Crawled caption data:
--*--
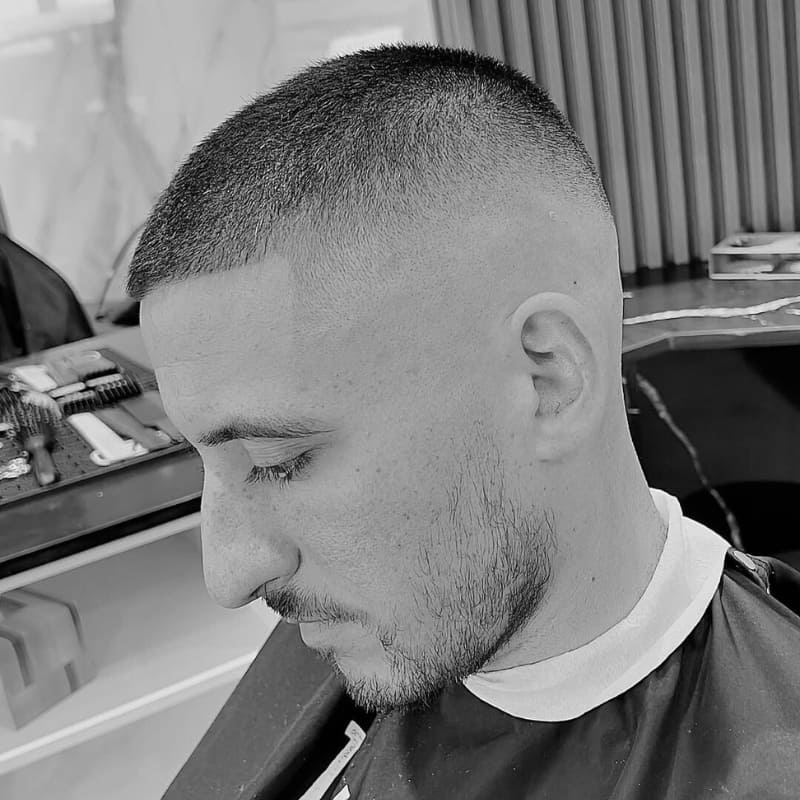 A man with a fresh buzz cut featuring a high drop fade, showcasing a clean and precise blend. The haircut transitions seamlessly from a closely shaved fade into slightly longer textured hair on top. His sharp line-up enhances the crisp and structured look. The monochrome filter highlights the contrast between the fade and the textured top. In the background, barber tools are neatly arranged, reinforcing the professional grooming setting.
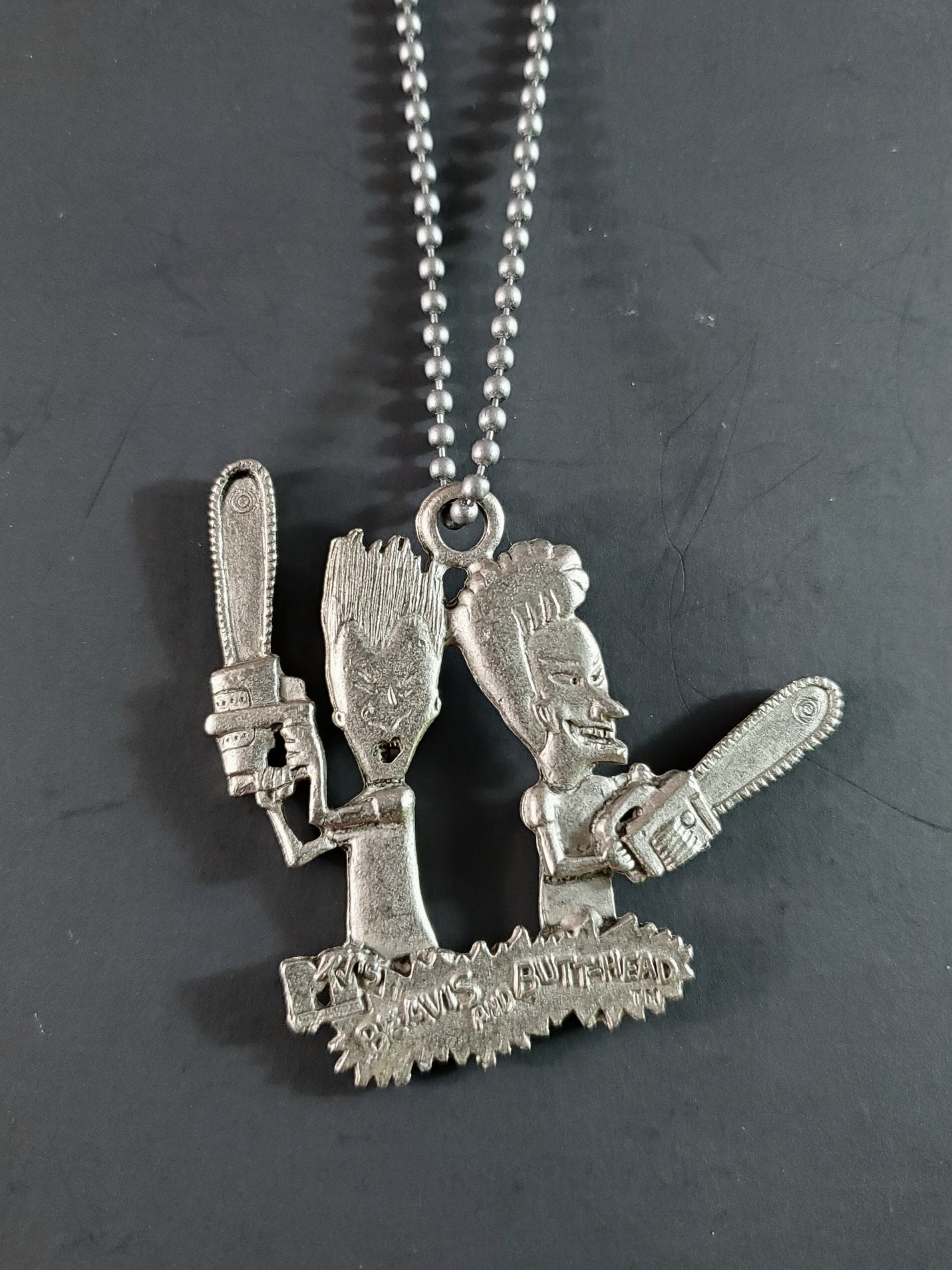 Beavis and Butt-Head deadstock necklace featuring pewter pendant of the duo wielding chainsaws strung on 26" ballchain
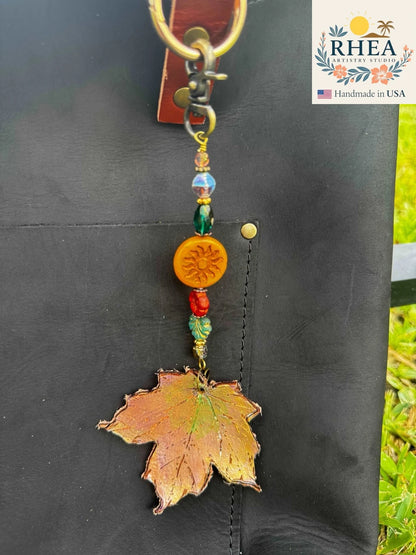 Handcrafted Fairy Forest Charm – Radiant Sun featuring warm golden floral details, artisan-made bag charm, purse accessory, and keychain.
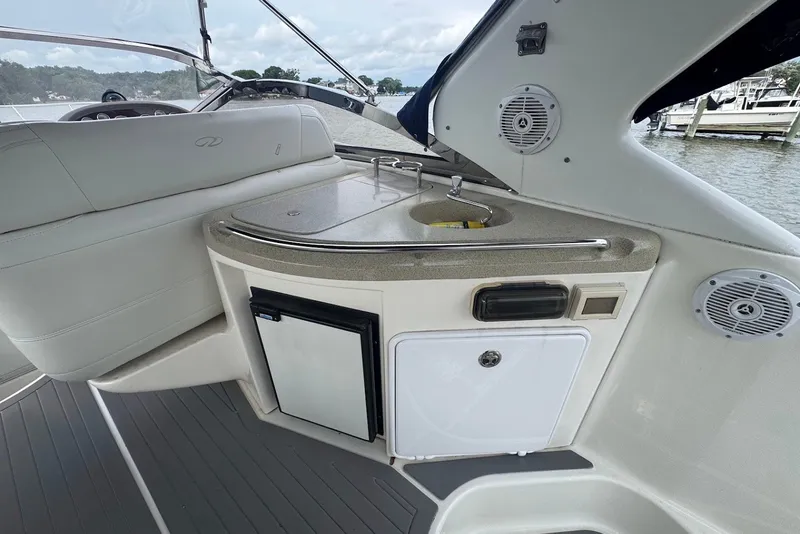 Slide: The Image of 2004 Regal Commodore 3860 yacht interior with kitchenette and seating area. - 13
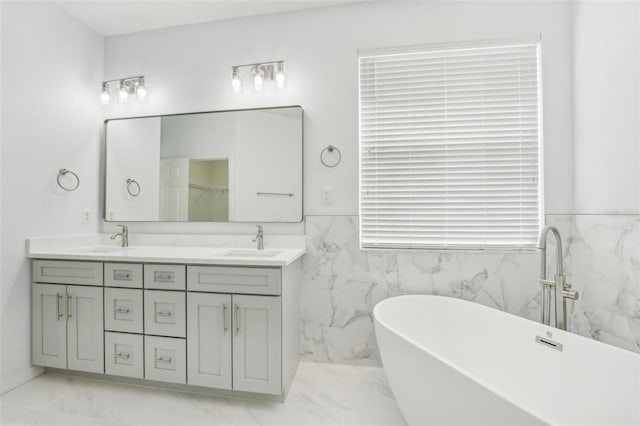 bathroom with a bath, tile walls, and vanity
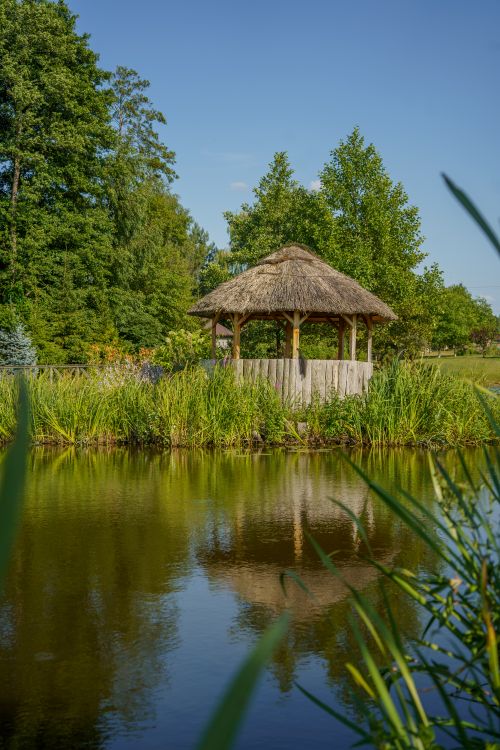 Free Peaceful lakeside gazebo surrounded by lush greenery in Dolistowo Nowe, Poland. Stock Photo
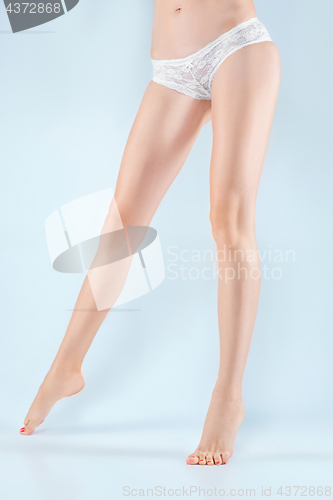 Image of Perfect female legs in underwear.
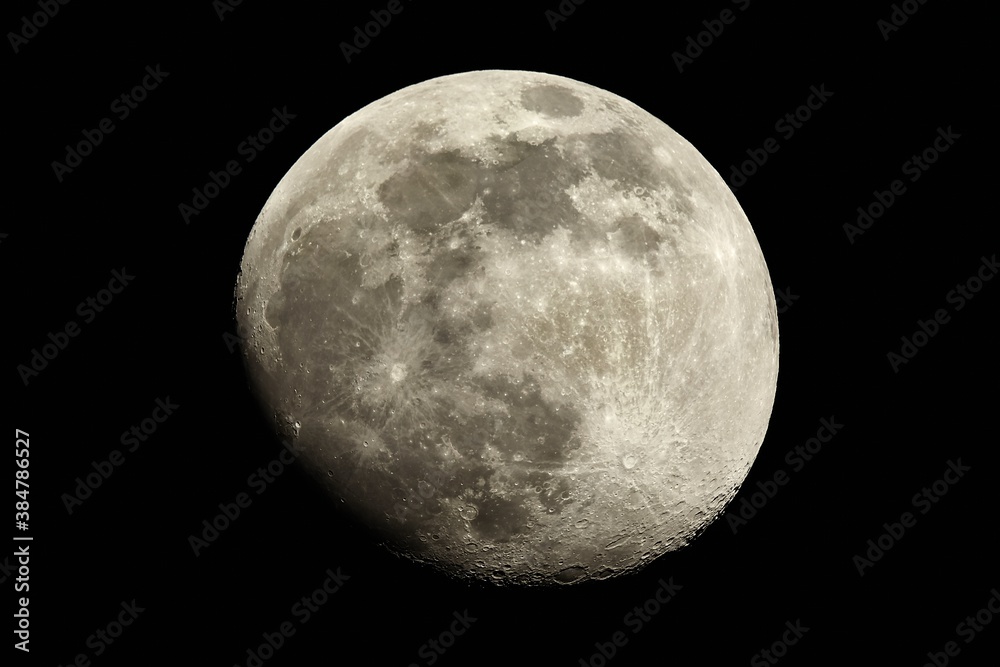 Obraz premium Moon detailed shot in growin almost full, taken at 1600mm focal length, waxing gibbous phase, contrasty details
--*--
Problem to work on:
Go through the entries above and print each one exactly, minus the pictures.

Solution to this exercise:
 A man with a fresh buzz cut featuring a high drop fade, showcasing a clean and precise blend. The haircut transitions seamlessly from a closely shaved fade into slightly longer textured hair on top. His sharp line-up enhances the crisp and structured look. The monochrome filter highlights the contrast between the fade and the textured top. In the background, barber tools are neatly arranged, reinforcing the professional grooming setting.
 Beavis and Butt-Head deadstock necklace featuring pewter pendant of the duo wielding chainsaws strung on 26" ballchain
 Handcrafted Fairy Forest Charm – Radiant Sun featuring warm golden floral details, artisan-made bag charm, purse accessory, and keychain.
 Slide: The Image of 2004 Regal Commodore 3860 yacht interior with kitchenette and seating area. - 13
 bathroom with a bath, tile walls, and vanity
 Free Peaceful lakeside gazebo surrounded by lush greenery in Dolistowo Nowe, Poland. Stock Photo
 Image of Perfect female legs in underwear.
 Obraz premium Moon detailed shot in growin almost full, taken at 1600mm focal length, waxing gibbous phase, contrasty details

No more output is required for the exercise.